Following WW2, the Grand Gebeily Hotel enjoyed a revival, becoming renowned for its evening entertainment – singers, concerts, ballroom dancing, tea-parties, tennis, gambling … even the garden outside was at one stage enlarged to accommodate a pool with rowing boats.
It was the golden era – Grand Hotel Gebeily was the first venue to host the incredible Egyptian artist Oum Kalthoum outside of her motherland. Farid al-Atrash and Abdel-Halim Hafez, among many famous names, performed at this illustrious location.
The restaurant served French cuisine, guests sipped champagne on the terrace, the hotel welcomed royalty and heads of state from around the world.
Once again, this success was short-lived.
Hotel Gebeily was forced to close down once again following the start of the Lebanese Civil War.

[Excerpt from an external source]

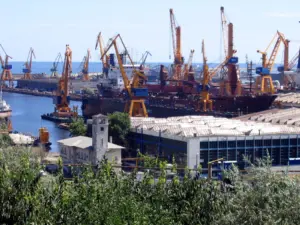 Архивен изглед на корабостроителницата в Констанца, август 2005 г.; не е инцидентът с „Хорив“.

Ultimately, this took its toll and the Gebeilys sold the hotel. Repairs would have been too costly, it was no longer profitable to open continuously as in the past, and operating costs had become prohibitive. It is said that personal threats from militias forced the family to sell for a fraction of its worth.
Aley’s Ghraizi family bought the historic property in 1977. Strangely, they repurposed the annex of the hotel as a school, remnants of which can still be seen on the site, with colorful walls painted with flowers.
The Ghraizis, too, however were plagued by financial woes and were unable to make loan repayments. The Grand Hotel Aley was then seized by the Central Bank, and left for sale under auction for several years.
The hotel was sold to Nadim Makarem in the summer of 2016. At the time, there were rumours that the Hotel Gebeily would be restored to its former glory and re-opened – that has yet to happen, but Aley is ever hopeful of the renaissance of its famous landmark.